§ **AIM OF THE TASK**: Set down exactly the stretch of lines below that opens at the line containing "Hickory Barbecue Sauce" and continues through the last line of the entries, and nothing else.

§ **DATA SHOWN**:
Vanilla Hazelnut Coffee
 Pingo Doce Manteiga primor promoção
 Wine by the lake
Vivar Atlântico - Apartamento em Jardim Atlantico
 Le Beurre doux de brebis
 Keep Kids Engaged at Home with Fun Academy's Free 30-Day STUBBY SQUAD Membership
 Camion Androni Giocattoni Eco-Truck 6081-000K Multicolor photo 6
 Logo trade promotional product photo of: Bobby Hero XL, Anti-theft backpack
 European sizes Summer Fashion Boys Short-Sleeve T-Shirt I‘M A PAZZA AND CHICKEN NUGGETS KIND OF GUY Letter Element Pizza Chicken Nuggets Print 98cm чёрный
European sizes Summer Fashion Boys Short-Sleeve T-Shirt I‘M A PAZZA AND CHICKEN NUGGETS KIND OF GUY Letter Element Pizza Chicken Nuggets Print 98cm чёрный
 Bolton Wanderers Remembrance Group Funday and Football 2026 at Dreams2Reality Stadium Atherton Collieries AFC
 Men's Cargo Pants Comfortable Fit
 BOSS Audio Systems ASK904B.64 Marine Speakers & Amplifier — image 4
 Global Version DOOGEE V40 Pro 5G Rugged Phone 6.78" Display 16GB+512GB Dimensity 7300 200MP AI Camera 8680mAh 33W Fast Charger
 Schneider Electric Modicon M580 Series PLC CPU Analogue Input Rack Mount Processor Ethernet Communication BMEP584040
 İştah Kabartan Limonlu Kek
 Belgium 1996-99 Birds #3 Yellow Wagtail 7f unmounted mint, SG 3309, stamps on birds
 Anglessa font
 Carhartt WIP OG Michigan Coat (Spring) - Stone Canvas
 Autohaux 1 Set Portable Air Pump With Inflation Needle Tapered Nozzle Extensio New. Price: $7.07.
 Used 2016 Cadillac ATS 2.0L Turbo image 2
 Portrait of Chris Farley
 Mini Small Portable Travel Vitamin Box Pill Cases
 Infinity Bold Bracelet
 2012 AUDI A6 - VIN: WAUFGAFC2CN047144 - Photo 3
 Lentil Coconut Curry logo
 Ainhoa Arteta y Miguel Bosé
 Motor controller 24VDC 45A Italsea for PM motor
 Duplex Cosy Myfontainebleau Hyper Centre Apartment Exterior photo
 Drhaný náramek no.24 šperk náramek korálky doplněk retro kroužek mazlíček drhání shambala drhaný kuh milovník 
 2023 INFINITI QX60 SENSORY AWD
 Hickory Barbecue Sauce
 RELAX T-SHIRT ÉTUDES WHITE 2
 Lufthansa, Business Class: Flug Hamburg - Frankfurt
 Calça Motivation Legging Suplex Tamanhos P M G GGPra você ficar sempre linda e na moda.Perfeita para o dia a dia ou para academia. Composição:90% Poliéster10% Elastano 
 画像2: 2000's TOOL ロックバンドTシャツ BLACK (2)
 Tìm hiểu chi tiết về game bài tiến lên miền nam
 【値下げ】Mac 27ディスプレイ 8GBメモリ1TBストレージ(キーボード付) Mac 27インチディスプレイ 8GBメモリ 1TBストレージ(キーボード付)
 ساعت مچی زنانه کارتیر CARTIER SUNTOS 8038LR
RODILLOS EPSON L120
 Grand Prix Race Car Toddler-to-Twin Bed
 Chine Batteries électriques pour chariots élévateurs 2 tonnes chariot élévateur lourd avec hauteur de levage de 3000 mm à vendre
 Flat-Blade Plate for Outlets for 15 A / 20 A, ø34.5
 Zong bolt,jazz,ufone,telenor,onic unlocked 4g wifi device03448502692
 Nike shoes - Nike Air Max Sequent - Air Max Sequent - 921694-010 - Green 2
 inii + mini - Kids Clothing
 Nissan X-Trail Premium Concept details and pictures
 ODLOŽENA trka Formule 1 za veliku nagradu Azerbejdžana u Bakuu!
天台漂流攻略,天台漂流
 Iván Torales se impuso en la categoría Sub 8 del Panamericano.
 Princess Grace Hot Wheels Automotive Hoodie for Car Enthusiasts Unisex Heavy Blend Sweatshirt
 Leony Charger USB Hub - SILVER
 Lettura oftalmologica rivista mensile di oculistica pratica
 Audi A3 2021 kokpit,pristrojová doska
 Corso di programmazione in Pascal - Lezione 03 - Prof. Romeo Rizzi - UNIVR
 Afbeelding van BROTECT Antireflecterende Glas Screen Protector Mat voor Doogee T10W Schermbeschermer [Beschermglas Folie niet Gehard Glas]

§ **WRITTEN RESPONSE**:
 Hickory Barbecue Sauce
 RELAX T-SHIRT ÉTUDES WHITE 2
 Lufthansa, Business Class: Flug Hamburg - Frankfurt
 Calça Motivation Legging Suplex Tamanhos P M G GGPra você ficar sempre linda e na moda.Perfeita para o dia a dia ou para academia. Composição:90% Poliéster10% Elastano 
 画像2: 2000's TOOL ロックバンドTシャツ BLACK (2)
 Tìm hiểu chi tiết về game bài tiến lên miền nam
 【値下げ】Mac 27ディスプレイ 8GBメモリ1TBストレージ(キーボード付) Mac 27インチディスプレイ 8GBメモリ 1TBストレージ(キーボード付)
 ساعت مچی زنانه کارتیر CARTIER SUNTOS 8038LR
RODILLOS EPSON L120
 Grand Prix Race Car Toddler-to-Twin Bed
 Chine Batteries électriques pour chariots élévateurs 2 tonnes chariot élévateur lourd avec hauteur de levage de 3000 mm à vendre
 Flat-Blade Plate for Outlets for 15 A / 20 A, ø34.5
 Zong bolt,jazz,ufone,telenor,onic unlocked 4g wifi device03448502692
 Nike shoes - Nike Air Max Sequent - Air Max Sequent - 921694-010 - Green 2
 inii + mini - Kids Clothing
 Nissan X-Trail Premium Concept details and pictures
 ODLOŽENA trka Formule 1 za veliku nagradu Azerbejdžana u Bakuu!
天台漂流攻略,天台漂流
 Iván Torales se impuso en la categoría Sub 8 del Panamericano.
 Princess Grace Hot Wheels Automotive Hoodie for Car Enthusiasts Unisex Heavy Blend Sweatshirt
 Leony Charger USB Hub - SILVER
 Lettura oftalmologica rivista mensile di oculistica pratica
 Audi A3 2021 kokpit,pristrojová doska
 Corso di programmazione in Pascal - Lezione 03 - Prof. Romeo Rizzi - UNIVR
 Afbeelding van BROTECT Antireflecterende Glas Screen Protector Mat voor Doogee T10W Schermbeschermer [Beschermglas Folie niet Gehard Glas]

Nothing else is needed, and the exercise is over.